Dann fielen sie wieder übereinander her, vorm Spiegel. Als Helga mit ihren Krallen einen Muskel berührte, riß dieser gleich auf. Doch Erich bemerkte es nicht einmal.


(eig) Mi, 2.1.

Steuerberater von Bestie zerissen

Gestern Morgen hat Polizei im Hause des Steuerberaters F. eine völlig verstümmelte Leiche entdeckt, die als der Besitzer Erich F. identifiziert wurde. Seine Ehefrau, Helga F., wird vermißt.

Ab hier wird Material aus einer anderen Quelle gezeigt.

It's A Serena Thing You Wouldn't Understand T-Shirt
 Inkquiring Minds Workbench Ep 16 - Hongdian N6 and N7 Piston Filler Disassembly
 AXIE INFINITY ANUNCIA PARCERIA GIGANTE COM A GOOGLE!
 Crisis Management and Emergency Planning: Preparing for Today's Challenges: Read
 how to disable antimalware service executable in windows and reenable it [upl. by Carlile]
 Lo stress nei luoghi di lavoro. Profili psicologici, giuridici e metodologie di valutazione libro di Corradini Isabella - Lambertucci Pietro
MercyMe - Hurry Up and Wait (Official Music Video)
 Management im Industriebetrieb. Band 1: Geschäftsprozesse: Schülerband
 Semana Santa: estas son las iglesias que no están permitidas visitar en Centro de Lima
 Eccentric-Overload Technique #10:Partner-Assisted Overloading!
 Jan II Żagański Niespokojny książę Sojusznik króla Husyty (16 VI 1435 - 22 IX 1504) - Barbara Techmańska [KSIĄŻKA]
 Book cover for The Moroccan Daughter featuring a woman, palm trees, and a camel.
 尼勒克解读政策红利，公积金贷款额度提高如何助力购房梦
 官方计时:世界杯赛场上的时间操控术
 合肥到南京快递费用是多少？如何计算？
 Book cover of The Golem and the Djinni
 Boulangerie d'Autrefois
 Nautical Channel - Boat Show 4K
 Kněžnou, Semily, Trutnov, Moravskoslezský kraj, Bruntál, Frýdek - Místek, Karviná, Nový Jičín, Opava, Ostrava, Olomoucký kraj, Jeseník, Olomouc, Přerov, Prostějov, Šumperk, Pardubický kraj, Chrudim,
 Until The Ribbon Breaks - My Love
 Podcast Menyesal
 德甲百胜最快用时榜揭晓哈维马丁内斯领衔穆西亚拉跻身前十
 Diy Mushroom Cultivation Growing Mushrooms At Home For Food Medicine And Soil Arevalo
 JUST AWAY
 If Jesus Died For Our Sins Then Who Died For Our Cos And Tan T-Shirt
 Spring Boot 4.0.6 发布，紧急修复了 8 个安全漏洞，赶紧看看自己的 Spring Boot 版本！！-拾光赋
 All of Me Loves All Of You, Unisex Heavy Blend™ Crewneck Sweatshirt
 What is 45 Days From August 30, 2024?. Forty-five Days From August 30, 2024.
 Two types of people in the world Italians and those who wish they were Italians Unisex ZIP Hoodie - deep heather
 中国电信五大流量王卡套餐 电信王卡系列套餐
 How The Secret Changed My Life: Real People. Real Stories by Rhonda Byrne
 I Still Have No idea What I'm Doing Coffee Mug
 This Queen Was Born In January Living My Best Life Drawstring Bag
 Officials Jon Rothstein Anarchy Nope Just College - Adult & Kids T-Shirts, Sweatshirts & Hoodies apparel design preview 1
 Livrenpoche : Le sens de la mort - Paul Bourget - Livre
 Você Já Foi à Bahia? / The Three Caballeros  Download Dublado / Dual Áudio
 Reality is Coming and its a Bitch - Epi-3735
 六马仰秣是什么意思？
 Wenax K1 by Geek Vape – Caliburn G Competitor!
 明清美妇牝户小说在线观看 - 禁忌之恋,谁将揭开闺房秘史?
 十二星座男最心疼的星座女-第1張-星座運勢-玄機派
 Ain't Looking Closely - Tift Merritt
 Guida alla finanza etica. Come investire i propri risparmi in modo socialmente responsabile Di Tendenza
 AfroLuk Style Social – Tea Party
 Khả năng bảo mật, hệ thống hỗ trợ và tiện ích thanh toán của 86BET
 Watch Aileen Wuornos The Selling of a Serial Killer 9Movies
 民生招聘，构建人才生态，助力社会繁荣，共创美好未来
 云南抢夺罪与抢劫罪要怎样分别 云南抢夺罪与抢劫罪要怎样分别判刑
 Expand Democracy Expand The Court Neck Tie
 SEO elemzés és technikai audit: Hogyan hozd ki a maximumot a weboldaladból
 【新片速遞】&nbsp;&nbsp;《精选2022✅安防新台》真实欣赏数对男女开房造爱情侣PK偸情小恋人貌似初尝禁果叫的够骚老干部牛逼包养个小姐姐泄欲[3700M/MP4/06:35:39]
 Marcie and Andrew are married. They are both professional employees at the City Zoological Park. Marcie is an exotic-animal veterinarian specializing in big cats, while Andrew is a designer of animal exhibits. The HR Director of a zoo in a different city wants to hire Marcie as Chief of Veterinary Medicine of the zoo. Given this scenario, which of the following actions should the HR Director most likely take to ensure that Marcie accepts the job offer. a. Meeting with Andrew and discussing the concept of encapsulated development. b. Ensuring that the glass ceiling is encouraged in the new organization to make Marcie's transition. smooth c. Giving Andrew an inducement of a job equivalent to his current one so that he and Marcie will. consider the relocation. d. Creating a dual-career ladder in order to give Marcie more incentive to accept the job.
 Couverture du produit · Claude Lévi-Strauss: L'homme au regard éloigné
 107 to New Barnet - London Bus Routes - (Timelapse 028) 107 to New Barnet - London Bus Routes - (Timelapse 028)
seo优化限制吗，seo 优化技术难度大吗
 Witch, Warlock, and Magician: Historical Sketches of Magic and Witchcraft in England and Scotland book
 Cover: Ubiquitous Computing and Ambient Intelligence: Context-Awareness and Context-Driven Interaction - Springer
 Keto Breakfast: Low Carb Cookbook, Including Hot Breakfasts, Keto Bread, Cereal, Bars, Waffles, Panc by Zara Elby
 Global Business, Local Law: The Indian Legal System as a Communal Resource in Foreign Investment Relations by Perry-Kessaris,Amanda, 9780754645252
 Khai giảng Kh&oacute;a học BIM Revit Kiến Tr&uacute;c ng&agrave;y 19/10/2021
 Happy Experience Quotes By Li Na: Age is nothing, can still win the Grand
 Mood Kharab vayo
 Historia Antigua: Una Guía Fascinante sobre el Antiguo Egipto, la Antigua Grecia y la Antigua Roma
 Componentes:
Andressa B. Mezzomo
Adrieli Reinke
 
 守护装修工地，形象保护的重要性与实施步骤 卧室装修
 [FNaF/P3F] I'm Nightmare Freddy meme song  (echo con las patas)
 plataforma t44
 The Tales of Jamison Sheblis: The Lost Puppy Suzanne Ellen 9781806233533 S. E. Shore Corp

Dem Leichnam waren die Arme und Beine aufgerissenen, abgerissenen und teilweise angefressen. Ein Luchs stand über dem Leichnam, leckte diesen ab und winselte. Als der offensichtlich tollwütige Luchs auf die Polizisten zukam, zog einer die Dienstwaffe und erschoß ihn. Alarmiert worden war die Polizei durch eine umgestürzte Büste, die mit der Alarmanlage verbunden war. Diese war vermutlich vom Luchs umgerissen worden, als dieser durch das offene Fenster hereinkam.